Reiterate ‘overweight’ on HDIL with a target price of R140 a share. HDIL is one of the cheapest stocks (P/B) in the sector. Debt concerns for HDIL have eased over the last three quarters.
Cash generation from core operations has been improving. Progress on asset sales would be the key and help sort the cash flow/execution issues. Approvals for new launches are progressing well and the company has a good launch pipeline going into FY15. Our March-2016 price target is based on 8x cash Ebitda and inline with the multiple used for other residential property developers. We think the stock’s valuation is cheap, given a 63% NAV discount and 0.4x PBV. The company is in transition to becoming Mumbai’s largest affordable housing developer and an extremely attractive opportunity.

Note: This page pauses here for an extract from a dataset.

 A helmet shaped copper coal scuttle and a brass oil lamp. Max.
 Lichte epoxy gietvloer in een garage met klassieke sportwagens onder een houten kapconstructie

As the company retires additional debt through FY16, we would expect the valuation discount to narrow. HDIL’s Q4 operating performance beat expectations on all counts. The company delivered positive FCF to equity of R110 crore (R2.6 a share) which was far higher than reported EPS of R0.8. Pre-sales continued to improve and went up 78% y-o-y.
Net debt declined by R110 crore as well. The company is now one of the few RE developers that is operating on a positive free cash flow model. We think HDIL’s projects embed enough cash flow to service entire debt / interest and, hence, credit risk on the business is completely removed.